INSERT INTO TABLE employee VALUES
(1, 'Alice', 5000),
(2, 'Bob', 6000),
(3, 'Charlie', 7000),
(4, 'David', 8000);

-- To see the bucket files, you can check the table directory in HDFS.
Output
Table 'employee' created with 4 buckets based on 'id'. Data inserted into buckets accordingly.
🎯

When to Use

Use bucketing in Hive when you want to improve query speed on large datasets, especially for join operations on the bucketed column. It helps reduce data scanned by splitting data into smaller parts.

For example, if you have a large sales dataset and often join it with a customer table on customer ID, bucketing both tables by customer ID can make joins faster.
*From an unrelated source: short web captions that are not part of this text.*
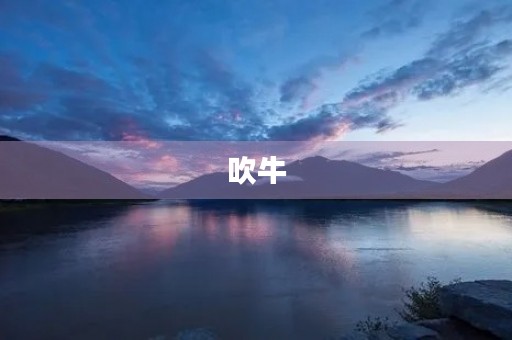 吹牛 吹牛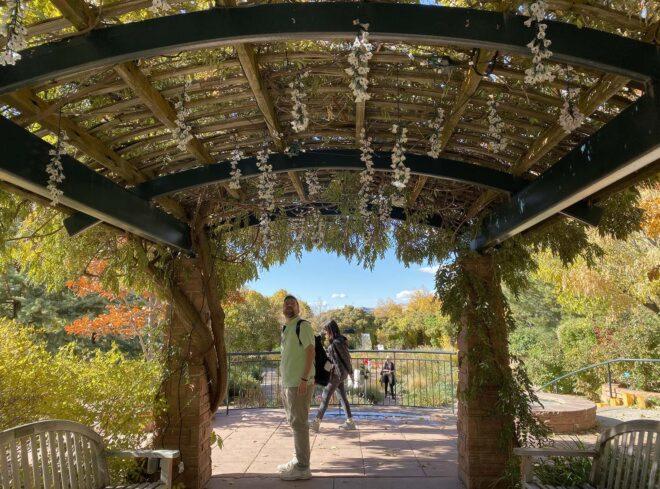 an overhead trellis full of flowering plants, and a person standing underneath it looking up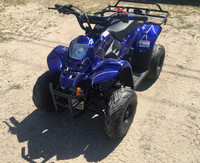 SPECIAL CLEARANCE SALE ON ATVS/QUADS/DIRT BIKES/DUNE BUGGYS/UTVS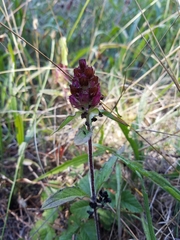 Prunella vulgaris lanceolata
Bucketing also helps when you want to take random samples of data efficiently.

Key Points

  • Bucketing divides data into fixed parts based on a hash of a column.
  • It improves query performance by reducing data scanned.
  • Useful for joins and sampling on bucketed columns.
  • Requires specifying number of buckets and bucket column when creating table.
  • Bucketed tables store data in separate files for each bucket.

Key Takeaways

Bucketing splits data into fixed parts using a hash of a column to improve query speed.
It is especially helpful for optimizing joins and sampling in Hive.
You must define the bucket column and number of buckets when creating the table.
Bucketed data is stored in separate files, making data management efficient.
Use bucketing on large datasets where query performance matters.